Simple NPZD food-web model schematic
NPZD (Nutrient-Phytoplankton-Zooplankton-Detritus) models serve as the basis for the biotic component of marine biogeochemical models. Intermediate complexity global biogeochemical models were designed to resolve the cycling of multiple nutrients and elements (C, N, P, O, Fe, Si, etc), of which the plankton food web is a critical component. Biogeochemical models have increasingly been shown to be potentially relevant for fisheries applications, and thus, the ecosystem representations have become more biologically complex. The research questions that I am interested in include: How does plankton trophic transfer and community structure scale with ecosystem complexity? What are the dominant zooplankton traits that modulate biogeography and energy flows? How do we use global or regional emergent constraints to improve models?

Role of gelatinous zooplankton in marine ecosystems

Illustration of a salp, jellyfish, and comb jelly
Gelatinous zooplankton, or jellies, are a diverse group of marine organisms that include the true jellyfish (cnidarians), comb jellies (ctenophores), and gelatinous filter-feeders (salps, appendicularians).
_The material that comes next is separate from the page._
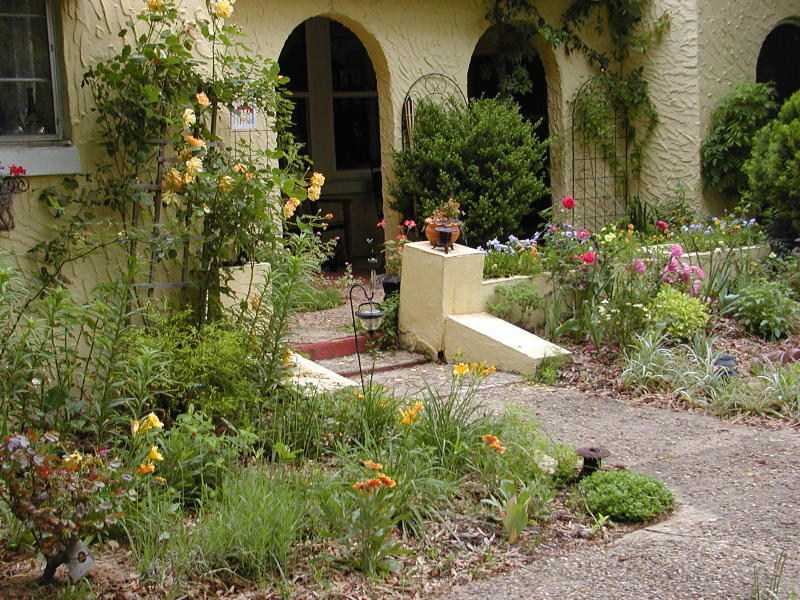 Casa Facade, April 2002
They are characterized by their extremely high in water content, compared to other zooplankton, and often boom-and-bust population dynamics. Jellies have historically been undersampled due to their fragile body structure and propensity to break apart in nets, but new observational methods have shown that they are extremely abundant and cosmopolitan components of marine ecosystem. Some of the questions I’m interested in are: where are gelatinous zooplankton distributed, and why? What is their role in global biogeochemical cycles? How do their non-linear population dynamics impact ecosystem function and structure?
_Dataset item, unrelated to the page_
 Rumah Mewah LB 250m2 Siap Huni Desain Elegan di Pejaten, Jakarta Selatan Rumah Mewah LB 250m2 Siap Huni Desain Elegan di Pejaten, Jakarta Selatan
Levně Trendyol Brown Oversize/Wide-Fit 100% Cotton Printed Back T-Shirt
Submesoscale plankton dynamics

Sample mesozooplankton from the In Situ Ichthyoplankton Imaging System
Ocean submesoscales (100 meters to 10 kilometers) are extremely important for structuring plankton communities, enhancing biodiversity, and facilitating predator-prey interactions. Plankton imaging systems (e.g., towed, underway imagers) are offering an unprecedented view into the fine-scale interactions of marine organisms. Research conducted using these imaging systems has revealed the incredible amount of diversity and plankton trophic structure at ocean mesoscales. As part of my work in the Cowen-Sponaugle Plankton Ecology Lab, I deployed the In Situ Ichthyoplankton Imaging System to study plankton community dynamics in the Southern California Bight, Northern Gulf of Mexico, Straits of Florida, and various other coastal and oceanic systems around the world. I co-developed the original Plankton Portal, an online crowd-sourcing site for the identification of plankton images, and led the scientific design of a machine learning competition (the 1st Annual National Data Science Bowl) for an automated image classification algorithm for 130+ species of plankton. At GFDL, I am exploring the use of these high-resolution plankton observations for ecosystem models. How can we use high-resolution observations to validate models? How can they be better integrated? This line of work can lead to many interesting research questions regarding submesoscale plankton variability and the physical-biological processes that generate such patterns.